There was also a harrow made from heavy triangular links, like a chain, which was intended for smoothing the surface or covering seed, which was particularly noticed, and appeared to work well.

I deem it proper' to mention in this report that, through the liberality of a few of the leading German merchants and bankers in this city, a large assortment of agricultural implements and machinery of American manufacture was purchased in this city and sent to the exhibition, at the close of which it was presented to the Hamburg committee, by Commissioner Wright, in their behalf, for the purpose of establishing an agricultural museum, in which should be collected all the improved agricultural implements and machinery known to be in successful use; this will doubtless result in the introduction of our agricultural inventions into use in the German states and other countries contiguous.
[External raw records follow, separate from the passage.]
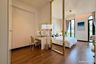 4 Bedroom Townhouse for rent in Phra Khanong, Bangkok near BTS Phra Khanong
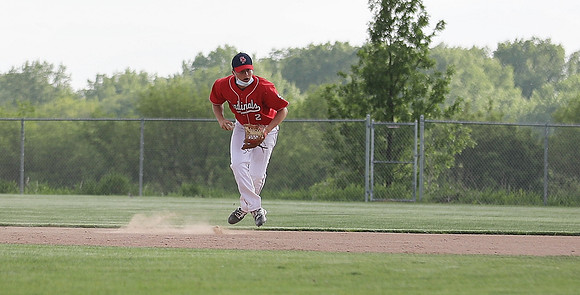 vs. Beloit 5-25-21  (90)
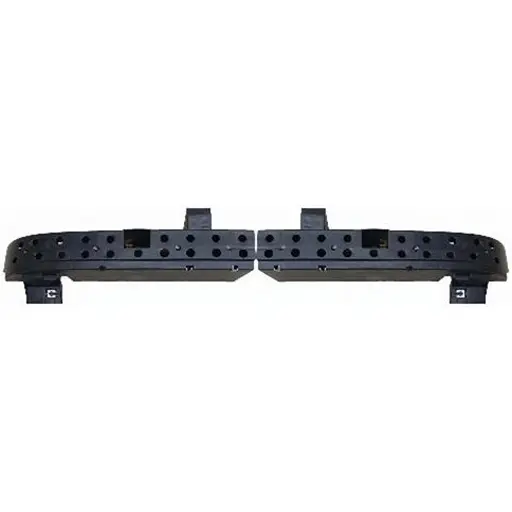 سيني جا قفلي صندوق عقب دنا ایساکو 1330501601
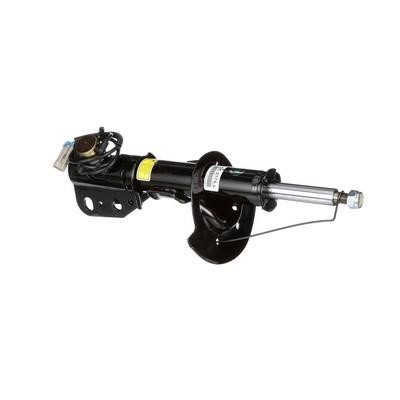 Arnott Front oil shock absorber – price 3304 PLN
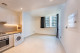 1 Bedroom apartment at Sobha Creek Vistas Tower A, Sobha Creek Vistas Tower A, Sobha Hartland, Mohammed Bin Rashid City, Dubai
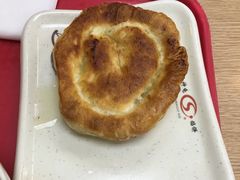 -神龟馅饼(大观园店)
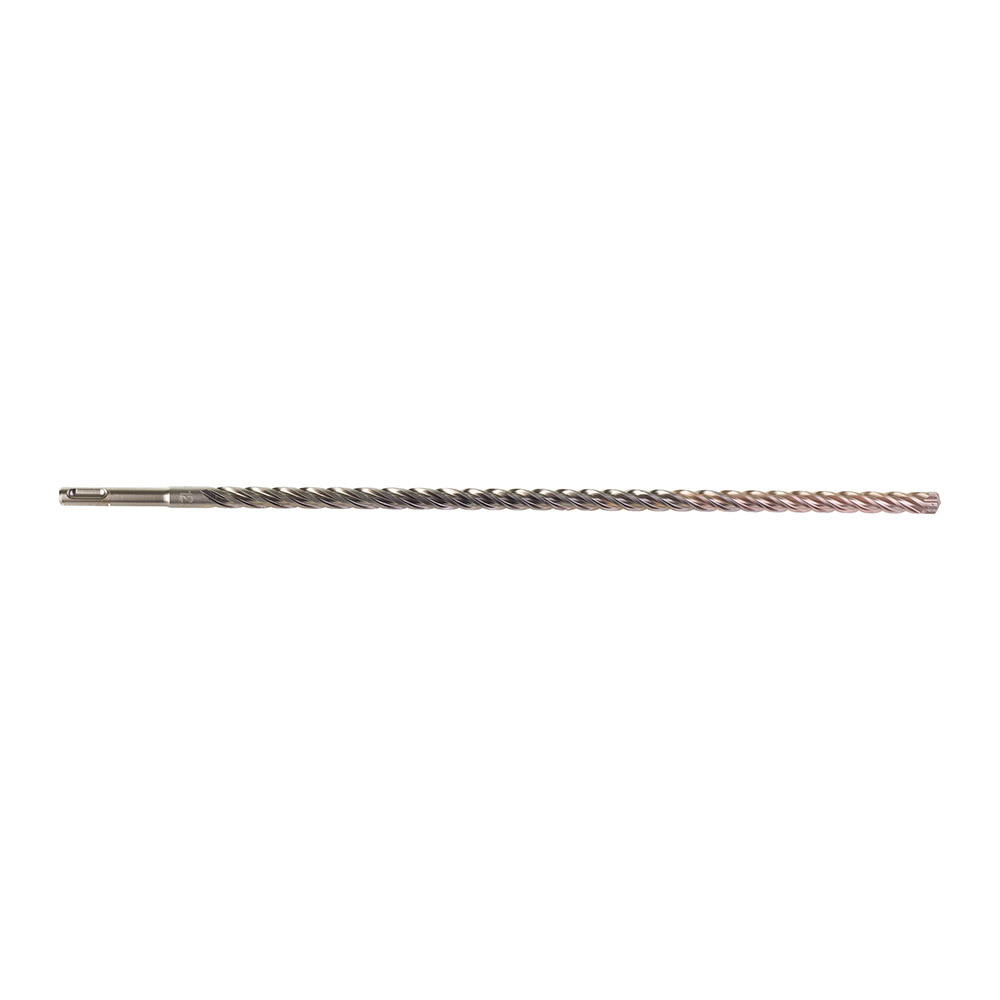 SDS-Plus MX4 12 x 450 - 1 pc-en SDS-Plus MX4 12 x 450 - 1 pc-en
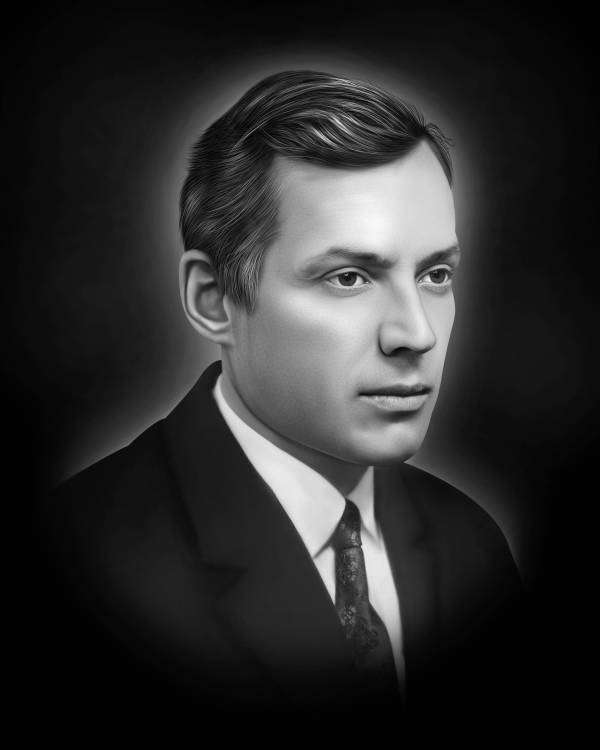 симонов гот.jpg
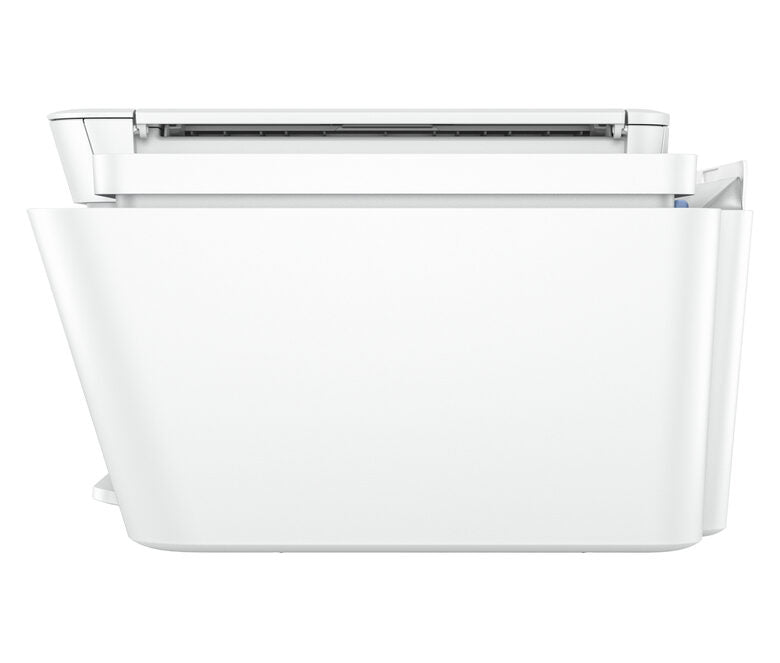 HP DeskJet 4222e Wireless All-in-One Colore Stampante, Instant Ink; Fotocopiatrice, scanner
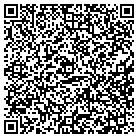 QR code with P 3 Event Recording Service contacts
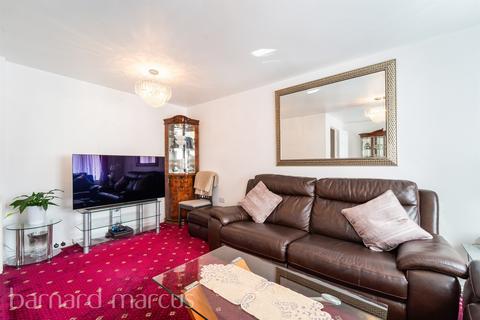 undefined, Vimy Close, Hounslow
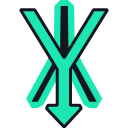 MDyna破解版下载-代码编辑器MDyna v0.20.3 最新免费版下载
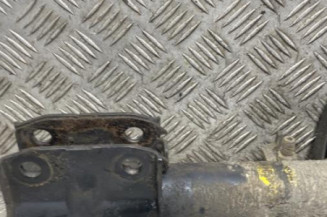 Amortisseur avant droit RENAULT MEGANE 3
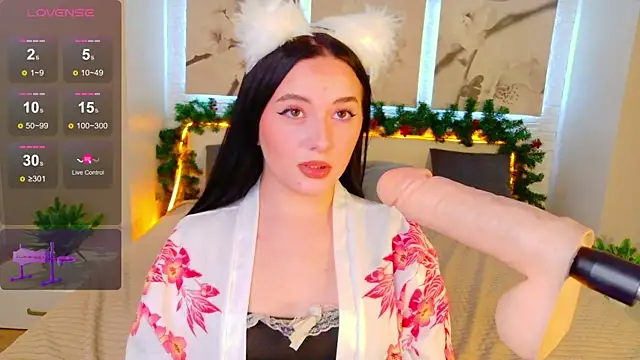 Grand Vita online show from January 2026 11:15:02 AM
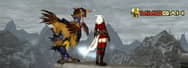 A Trustworthy Selling FFXIV Gil Site Mmogah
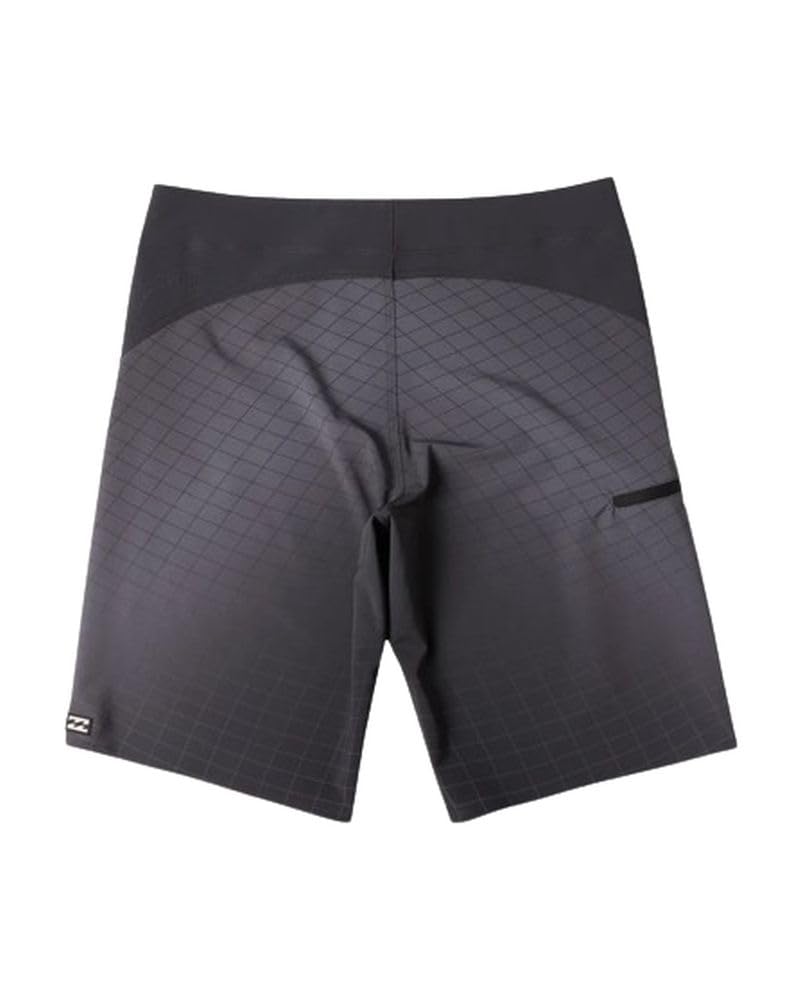 BILLABONG Herren Fluid Pro Boardshort Boardshorts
The contributors from this State are deeply indebted to the liberal donar tion made by the Legislature of this State of one thousand dollars, by which they have been enabled to sustain the credit of our State at this exhibition, and bring to the knowledge of a large portion of the people of continental Europe our improved agricultural facilities for saving labor and increasing the agricultural wealth of the country.

It was with pride and pleasure that I beheld the national flag of our country spreading its ample folds over the main entrance of the exhibition by the flag of the free city of Hamburg, and alluding to this fact at the close of the exhibition, I asked in behalf of the New York State Agricultural Society, that the Hamburg flag which had floated over the heads of the thousands who had thronged to this exhibition, should be sent as a memento of this great occasion, to be used at the coming exhibition in our State for the same purpose, that its folds might on this side of the Atlantic be entwined with the stars and stripes of our beloved country. This request was at once granted with evident pleasure and pride, and I shall take much pleasure in forwarding it to your secretary at Albany as soon as I can obtain possession from our Custom House.

Deeply regretting the circumstances which prevented your Society from being more ably represented by the Hon. Ezra Cornell, whose practical experience in agriculture would have made this exhibition highly interesting to him, and the knowledge he might have obtained communicated to your Society would have proved highly advantageous to the agricultural interests of your state, I shall be obliged to ask your kind indulgence for the deficiencies in this report, and the length of time which it has been delayed. All of which is most respectfully submitted,

Your ob't servant,

Substitute Delegate from the N. Y. Ag. Society.